Still others imagine “purity” as something more harmless, but no less normative. For them the conception of purity is central to imagining a perfect way of life: fitness, healthy food, no drugs, asceticism, hygiene, cosmetics, cosmetic surgery, etc

And finally some conceive “purity” as something wholly different: as an ethical ideal of human existence in accordance with the cosmos, for example, the purity of harmony as a long-term objective for overcoming the sense of captivity within our daily life.

On the other hand, many are open to experimentation, to questioning traditional conditions, and to disentangling themselves from existing dependencies. They are curious about the unfamiliar, about how the circumstances of life could be different, and therefore about change and new possibilities of self-determination such as democracy. Once again, even revolutions seem possible in different parts of world.

These people confess to lead a normal life with all its temptations. They are sceptical of any ideal/ideological conceptions of the world. They consider “the dirty” (the bastardly, the defiled, the hybrid, etc.) attractive: They let themselves be seduced, experiment with blendings and the unfamiliar, attempt self-indulgence, and risk obscenity. Here the arts can be a productive field of critical and subversive practice.

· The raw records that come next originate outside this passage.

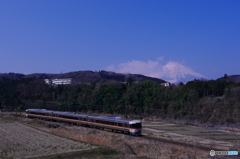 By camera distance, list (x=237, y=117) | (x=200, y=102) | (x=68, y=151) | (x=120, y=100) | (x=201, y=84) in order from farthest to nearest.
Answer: (x=120, y=100) → (x=201, y=84) → (x=200, y=102) → (x=237, y=117) → (x=68, y=151)

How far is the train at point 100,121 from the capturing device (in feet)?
113

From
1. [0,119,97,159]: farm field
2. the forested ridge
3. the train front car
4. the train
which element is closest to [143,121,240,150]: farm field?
the train front car

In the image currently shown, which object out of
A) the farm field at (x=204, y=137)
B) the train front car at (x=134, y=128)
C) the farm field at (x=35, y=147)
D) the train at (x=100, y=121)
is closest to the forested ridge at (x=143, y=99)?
the farm field at (x=204, y=137)

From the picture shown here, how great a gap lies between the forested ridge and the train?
28.5 meters

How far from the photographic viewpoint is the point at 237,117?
2251 inches

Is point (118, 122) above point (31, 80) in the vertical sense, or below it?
below

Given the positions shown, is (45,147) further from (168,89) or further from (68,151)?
(168,89)

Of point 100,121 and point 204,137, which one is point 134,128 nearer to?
point 100,121

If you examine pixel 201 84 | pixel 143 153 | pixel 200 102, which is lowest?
pixel 143 153

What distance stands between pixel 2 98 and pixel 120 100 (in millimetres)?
36639

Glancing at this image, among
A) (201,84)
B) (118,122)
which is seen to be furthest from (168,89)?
(118,122)

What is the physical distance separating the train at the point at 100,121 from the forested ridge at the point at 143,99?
1122 inches

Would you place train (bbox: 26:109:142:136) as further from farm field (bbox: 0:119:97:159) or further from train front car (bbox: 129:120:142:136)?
farm field (bbox: 0:119:97:159)

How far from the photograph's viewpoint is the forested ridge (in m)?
67.3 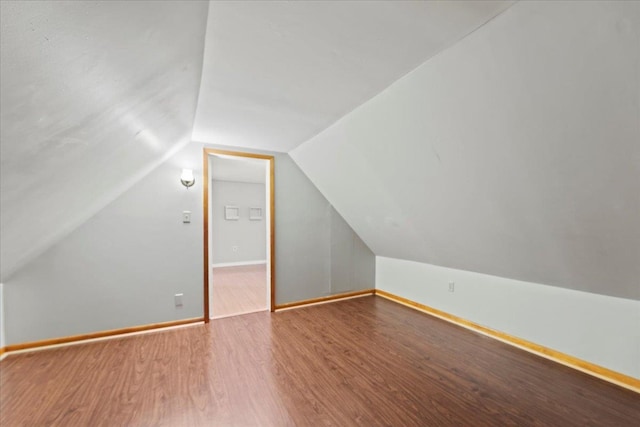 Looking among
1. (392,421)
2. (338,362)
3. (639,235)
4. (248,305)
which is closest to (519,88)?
(639,235)

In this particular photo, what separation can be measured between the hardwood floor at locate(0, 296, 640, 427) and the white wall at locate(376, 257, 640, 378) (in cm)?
20

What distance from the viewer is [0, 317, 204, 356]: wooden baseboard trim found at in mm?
2375

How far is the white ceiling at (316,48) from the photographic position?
45.6 inches

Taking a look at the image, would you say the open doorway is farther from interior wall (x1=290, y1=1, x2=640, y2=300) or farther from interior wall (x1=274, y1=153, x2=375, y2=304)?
interior wall (x1=290, y1=1, x2=640, y2=300)

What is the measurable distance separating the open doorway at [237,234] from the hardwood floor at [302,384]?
0.91 metres

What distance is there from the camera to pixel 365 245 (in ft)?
13.8

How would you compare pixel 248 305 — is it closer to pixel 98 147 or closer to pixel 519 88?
pixel 98 147

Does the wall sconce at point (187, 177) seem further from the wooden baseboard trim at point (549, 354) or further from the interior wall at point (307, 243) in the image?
the wooden baseboard trim at point (549, 354)

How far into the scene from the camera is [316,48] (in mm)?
1418

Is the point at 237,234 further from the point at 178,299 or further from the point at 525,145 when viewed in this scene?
the point at 525,145

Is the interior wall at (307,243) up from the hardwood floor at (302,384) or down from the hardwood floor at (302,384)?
up

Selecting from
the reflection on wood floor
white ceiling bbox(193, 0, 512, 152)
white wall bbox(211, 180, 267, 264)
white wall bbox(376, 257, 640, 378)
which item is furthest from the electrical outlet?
white wall bbox(211, 180, 267, 264)

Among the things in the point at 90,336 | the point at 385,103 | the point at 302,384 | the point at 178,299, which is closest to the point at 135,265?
the point at 178,299

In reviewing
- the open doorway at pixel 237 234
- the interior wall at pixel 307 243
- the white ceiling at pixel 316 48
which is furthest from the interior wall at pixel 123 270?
the white ceiling at pixel 316 48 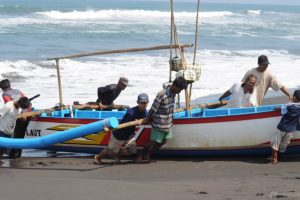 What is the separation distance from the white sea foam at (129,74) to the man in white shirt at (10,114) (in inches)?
195

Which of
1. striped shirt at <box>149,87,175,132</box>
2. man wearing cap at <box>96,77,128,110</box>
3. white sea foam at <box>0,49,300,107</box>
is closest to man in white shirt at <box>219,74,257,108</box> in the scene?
striped shirt at <box>149,87,175,132</box>

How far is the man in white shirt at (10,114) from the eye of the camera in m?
8.73

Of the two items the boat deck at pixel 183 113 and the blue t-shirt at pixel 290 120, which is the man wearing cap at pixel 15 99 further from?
the blue t-shirt at pixel 290 120

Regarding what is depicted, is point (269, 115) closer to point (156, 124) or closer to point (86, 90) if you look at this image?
point (156, 124)

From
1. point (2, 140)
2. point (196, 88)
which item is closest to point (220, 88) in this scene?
point (196, 88)

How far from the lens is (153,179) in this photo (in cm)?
749

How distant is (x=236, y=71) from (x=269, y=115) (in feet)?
43.0

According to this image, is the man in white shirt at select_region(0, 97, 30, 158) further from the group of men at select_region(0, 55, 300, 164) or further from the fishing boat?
the fishing boat

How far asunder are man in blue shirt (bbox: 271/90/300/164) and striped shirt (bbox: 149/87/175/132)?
1373 millimetres

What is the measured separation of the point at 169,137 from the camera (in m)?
8.44

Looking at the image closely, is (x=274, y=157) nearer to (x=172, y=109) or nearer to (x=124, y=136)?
(x=172, y=109)

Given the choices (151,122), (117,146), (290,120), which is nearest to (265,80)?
(290,120)

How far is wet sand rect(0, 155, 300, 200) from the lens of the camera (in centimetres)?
639

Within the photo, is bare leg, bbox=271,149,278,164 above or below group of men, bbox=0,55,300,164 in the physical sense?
below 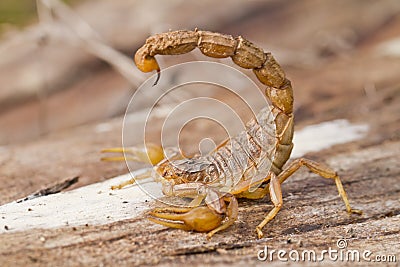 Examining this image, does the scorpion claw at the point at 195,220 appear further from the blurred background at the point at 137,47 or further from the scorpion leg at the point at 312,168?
the blurred background at the point at 137,47

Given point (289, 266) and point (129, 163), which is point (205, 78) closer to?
point (129, 163)

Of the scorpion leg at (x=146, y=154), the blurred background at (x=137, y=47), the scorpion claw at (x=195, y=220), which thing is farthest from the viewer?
the blurred background at (x=137, y=47)

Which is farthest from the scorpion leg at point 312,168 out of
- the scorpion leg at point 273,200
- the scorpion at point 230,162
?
the scorpion leg at point 273,200

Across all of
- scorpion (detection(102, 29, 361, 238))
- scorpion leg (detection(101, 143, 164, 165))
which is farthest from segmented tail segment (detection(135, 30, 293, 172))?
scorpion leg (detection(101, 143, 164, 165))

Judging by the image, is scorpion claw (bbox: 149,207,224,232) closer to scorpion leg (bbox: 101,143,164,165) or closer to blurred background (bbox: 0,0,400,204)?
scorpion leg (bbox: 101,143,164,165)

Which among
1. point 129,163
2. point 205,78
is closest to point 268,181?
point 129,163

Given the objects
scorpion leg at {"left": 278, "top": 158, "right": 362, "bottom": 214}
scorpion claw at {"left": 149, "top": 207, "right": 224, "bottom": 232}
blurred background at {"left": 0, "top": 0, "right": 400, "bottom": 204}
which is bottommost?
scorpion claw at {"left": 149, "top": 207, "right": 224, "bottom": 232}

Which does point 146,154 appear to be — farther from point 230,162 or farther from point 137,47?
point 137,47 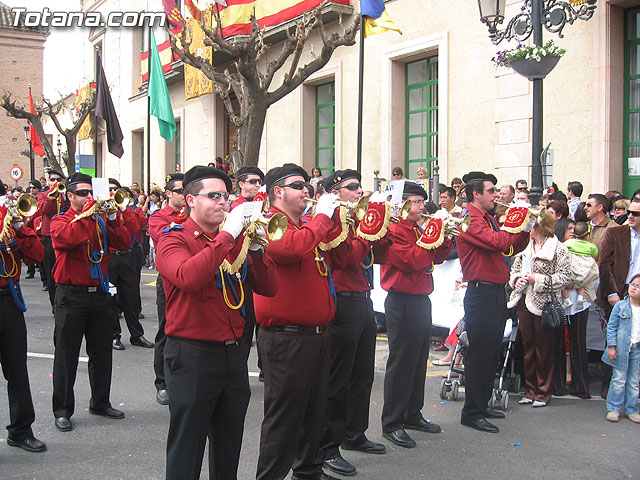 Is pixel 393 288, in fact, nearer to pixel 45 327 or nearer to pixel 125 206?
pixel 125 206

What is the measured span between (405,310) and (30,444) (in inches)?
121

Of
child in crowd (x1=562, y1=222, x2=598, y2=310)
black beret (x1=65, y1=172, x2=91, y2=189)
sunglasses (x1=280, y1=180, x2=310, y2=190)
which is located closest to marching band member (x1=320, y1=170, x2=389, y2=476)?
sunglasses (x1=280, y1=180, x2=310, y2=190)

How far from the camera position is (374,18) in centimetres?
1216

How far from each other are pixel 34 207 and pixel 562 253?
4.91 m

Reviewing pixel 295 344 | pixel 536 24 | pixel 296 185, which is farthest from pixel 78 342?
pixel 536 24

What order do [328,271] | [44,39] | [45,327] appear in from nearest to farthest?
[328,271] → [45,327] → [44,39]

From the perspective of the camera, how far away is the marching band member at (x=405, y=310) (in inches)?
212

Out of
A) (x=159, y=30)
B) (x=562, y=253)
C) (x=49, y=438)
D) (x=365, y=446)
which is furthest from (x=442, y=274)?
(x=159, y=30)

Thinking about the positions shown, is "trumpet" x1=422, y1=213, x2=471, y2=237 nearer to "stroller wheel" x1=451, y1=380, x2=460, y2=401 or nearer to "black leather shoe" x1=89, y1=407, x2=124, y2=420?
"stroller wheel" x1=451, y1=380, x2=460, y2=401

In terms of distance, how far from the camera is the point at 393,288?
5.51 m

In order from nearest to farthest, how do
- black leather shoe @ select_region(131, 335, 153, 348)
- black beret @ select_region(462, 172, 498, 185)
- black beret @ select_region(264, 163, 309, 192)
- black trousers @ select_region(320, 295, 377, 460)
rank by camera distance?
black beret @ select_region(264, 163, 309, 192) < black trousers @ select_region(320, 295, 377, 460) < black beret @ select_region(462, 172, 498, 185) < black leather shoe @ select_region(131, 335, 153, 348)

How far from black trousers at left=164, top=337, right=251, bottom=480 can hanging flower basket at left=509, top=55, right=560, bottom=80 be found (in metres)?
6.76

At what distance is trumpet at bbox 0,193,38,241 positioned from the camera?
4879 millimetres

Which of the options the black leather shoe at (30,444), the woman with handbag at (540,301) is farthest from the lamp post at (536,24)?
the black leather shoe at (30,444) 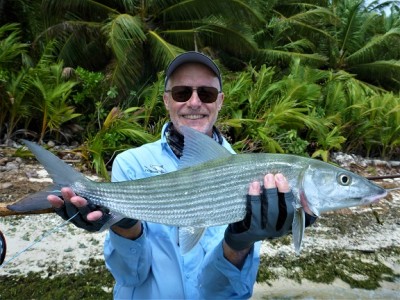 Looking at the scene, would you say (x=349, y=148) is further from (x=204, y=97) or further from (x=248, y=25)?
(x=204, y=97)

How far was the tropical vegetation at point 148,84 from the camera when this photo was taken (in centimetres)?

“Pure” and “dirty” are categories that are often used in the context of individual and collective identity building — although in very different ways. “Purity” may constitute a racial model (as in fascism) or the domination over others (as in any dictatorship). It may comprise an aseptic/unsullied way of life (as the “New Subject” in neo-liberalism) or a philosophical and ethical ideal (as in Daoism). In relation to these examples, “dirty” refers to strangers/non-members/outsiders, who aspire to self-determination, democracy and diversity, or to those who want to lead a contradictory, “uncontrolled” life, and to those who accept the limitations of human and tolerate greed, violence, and hatred.

Therefore our playing with identity building, which is becoming more and more complex and demanding within the context of transculturality and globalization, appears in these very diverse settings of “purity” and “dirtiness.” Using specific examples, the forthcoming lecture series and seminar aim to observe, analyze, and reflect on this fundamental problem. 

Lecture Series

Zurich: 22 Aug – 9 September / Hong Kong: 12 September – 7 November 2016

Closely associated with the semester program and various regional/national contexts, lectures will discuss the problems and questions emerging between the poles of purity and impurity. Speakers will explore specific examples and/or analyze specific terms.

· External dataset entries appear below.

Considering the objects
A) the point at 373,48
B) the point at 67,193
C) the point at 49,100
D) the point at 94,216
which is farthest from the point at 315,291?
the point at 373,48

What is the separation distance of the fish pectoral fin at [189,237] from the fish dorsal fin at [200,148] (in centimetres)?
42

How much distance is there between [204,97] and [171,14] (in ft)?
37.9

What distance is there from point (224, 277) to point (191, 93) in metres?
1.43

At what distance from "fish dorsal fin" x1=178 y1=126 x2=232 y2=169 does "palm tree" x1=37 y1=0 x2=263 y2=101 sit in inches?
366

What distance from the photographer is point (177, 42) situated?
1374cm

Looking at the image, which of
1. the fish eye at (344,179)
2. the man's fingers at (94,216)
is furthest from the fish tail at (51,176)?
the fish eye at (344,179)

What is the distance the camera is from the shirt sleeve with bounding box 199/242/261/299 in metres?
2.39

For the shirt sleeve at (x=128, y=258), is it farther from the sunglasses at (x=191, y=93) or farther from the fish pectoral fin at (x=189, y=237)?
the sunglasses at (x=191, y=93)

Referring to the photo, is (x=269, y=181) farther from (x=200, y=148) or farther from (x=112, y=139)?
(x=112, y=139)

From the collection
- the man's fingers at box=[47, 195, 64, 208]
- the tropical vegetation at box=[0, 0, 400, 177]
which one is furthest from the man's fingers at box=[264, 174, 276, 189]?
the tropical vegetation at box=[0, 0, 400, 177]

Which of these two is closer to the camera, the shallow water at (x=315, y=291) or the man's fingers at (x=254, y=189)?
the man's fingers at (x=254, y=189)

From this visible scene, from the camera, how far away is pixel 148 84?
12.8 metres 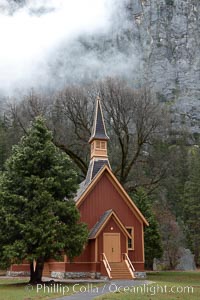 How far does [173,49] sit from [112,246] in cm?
7827

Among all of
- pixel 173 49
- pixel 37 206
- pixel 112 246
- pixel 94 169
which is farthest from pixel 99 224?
pixel 173 49

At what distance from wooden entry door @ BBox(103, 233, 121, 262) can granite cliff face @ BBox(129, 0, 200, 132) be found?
6918 centimetres

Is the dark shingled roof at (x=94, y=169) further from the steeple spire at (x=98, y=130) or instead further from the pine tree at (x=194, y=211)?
the pine tree at (x=194, y=211)

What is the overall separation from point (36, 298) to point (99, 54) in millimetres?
88923

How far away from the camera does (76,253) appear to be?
19.9m

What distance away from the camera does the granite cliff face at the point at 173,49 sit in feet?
308

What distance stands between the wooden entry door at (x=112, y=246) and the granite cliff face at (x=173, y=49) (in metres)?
69.2

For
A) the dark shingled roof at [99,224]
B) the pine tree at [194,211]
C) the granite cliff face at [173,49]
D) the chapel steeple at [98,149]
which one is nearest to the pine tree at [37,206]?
the dark shingled roof at [99,224]

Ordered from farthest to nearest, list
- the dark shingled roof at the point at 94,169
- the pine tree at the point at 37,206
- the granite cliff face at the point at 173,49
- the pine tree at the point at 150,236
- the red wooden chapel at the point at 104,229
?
the granite cliff face at the point at 173,49 < the pine tree at the point at 150,236 < the dark shingled roof at the point at 94,169 < the red wooden chapel at the point at 104,229 < the pine tree at the point at 37,206

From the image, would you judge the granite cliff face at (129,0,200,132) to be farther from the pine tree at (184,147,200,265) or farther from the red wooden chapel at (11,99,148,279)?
the red wooden chapel at (11,99,148,279)

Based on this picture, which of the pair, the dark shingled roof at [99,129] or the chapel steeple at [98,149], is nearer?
the chapel steeple at [98,149]

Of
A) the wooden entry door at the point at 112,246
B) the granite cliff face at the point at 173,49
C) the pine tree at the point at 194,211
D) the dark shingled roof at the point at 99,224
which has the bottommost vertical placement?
the wooden entry door at the point at 112,246

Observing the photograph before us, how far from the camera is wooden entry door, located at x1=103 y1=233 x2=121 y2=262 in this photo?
81.7ft

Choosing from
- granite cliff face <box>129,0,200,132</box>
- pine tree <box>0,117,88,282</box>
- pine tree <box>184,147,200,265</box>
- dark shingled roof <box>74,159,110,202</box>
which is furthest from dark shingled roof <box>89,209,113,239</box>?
granite cliff face <box>129,0,200,132</box> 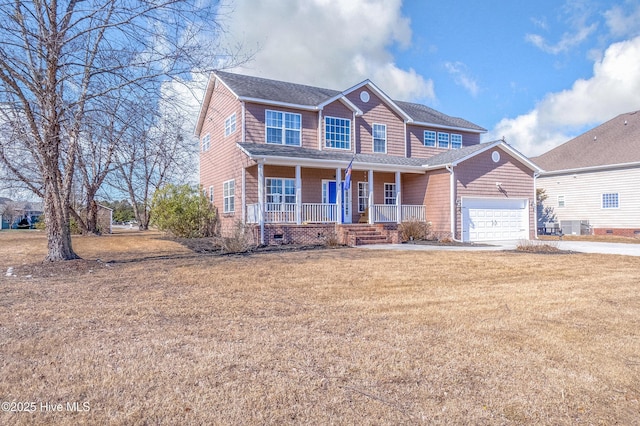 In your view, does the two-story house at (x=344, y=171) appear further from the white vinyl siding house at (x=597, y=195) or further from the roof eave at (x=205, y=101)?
the white vinyl siding house at (x=597, y=195)

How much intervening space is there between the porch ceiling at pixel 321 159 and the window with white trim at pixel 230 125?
206 centimetres

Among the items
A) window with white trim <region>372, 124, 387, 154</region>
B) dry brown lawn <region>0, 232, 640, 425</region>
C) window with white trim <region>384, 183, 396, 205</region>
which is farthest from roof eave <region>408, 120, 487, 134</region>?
dry brown lawn <region>0, 232, 640, 425</region>

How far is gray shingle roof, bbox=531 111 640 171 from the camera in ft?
72.1

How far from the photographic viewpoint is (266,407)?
263 cm

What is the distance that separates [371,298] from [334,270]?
8.88 feet

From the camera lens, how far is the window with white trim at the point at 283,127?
17438 millimetres

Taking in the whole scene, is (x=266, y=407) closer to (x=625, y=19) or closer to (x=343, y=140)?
(x=343, y=140)

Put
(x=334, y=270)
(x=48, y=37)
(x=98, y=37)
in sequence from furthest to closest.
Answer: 1. (x=98, y=37)
2. (x=334, y=270)
3. (x=48, y=37)

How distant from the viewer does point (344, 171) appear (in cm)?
1853

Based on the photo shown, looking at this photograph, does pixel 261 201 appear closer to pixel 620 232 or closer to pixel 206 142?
pixel 206 142

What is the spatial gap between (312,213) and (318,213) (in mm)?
264

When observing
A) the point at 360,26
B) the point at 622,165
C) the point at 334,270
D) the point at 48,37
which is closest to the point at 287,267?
the point at 334,270

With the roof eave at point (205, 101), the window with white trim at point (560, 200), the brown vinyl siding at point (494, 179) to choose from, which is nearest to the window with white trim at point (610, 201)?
the window with white trim at point (560, 200)

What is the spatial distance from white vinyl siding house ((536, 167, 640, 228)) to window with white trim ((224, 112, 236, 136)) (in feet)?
67.9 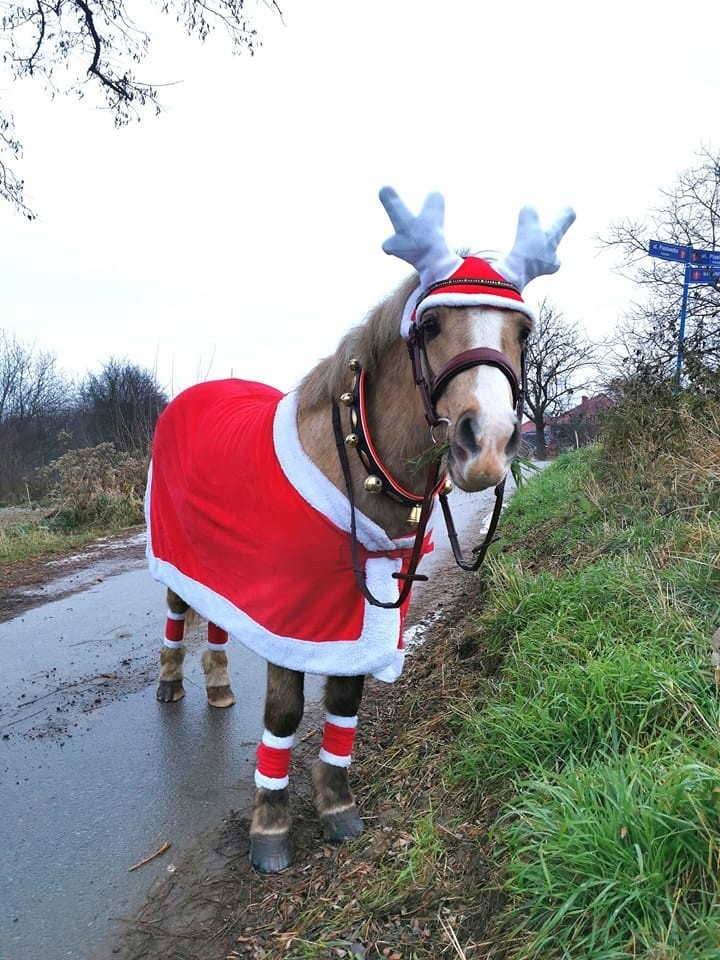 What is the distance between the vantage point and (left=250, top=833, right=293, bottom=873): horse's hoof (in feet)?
8.36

Conference  at TNUA/ Taipei: 3-4 November 2016

Concluding the lecture series, this 1-2 day seminar will pursue the questions raised and no doubt add new ones. Involving a mixture of lectures and panel discussions, it will address the topics of the lecture series and critically explore, complement, and further develop discussion. On a second level, the conference will involve short presentations, workshops, and interventions, to enable participants to make individual observations and to share their experiences of transculturality. The lecture series will be devoted to the same guiding question as the conference: How might we progress beyond normative boundaries and heteronomy on a theoretical and practical level, in everyday life and politics, in the arts and in our thinking, no matter whether they are “pure” or “impure.” Our working assumption is that this can only happen within the context of experienced and reflected transculturality.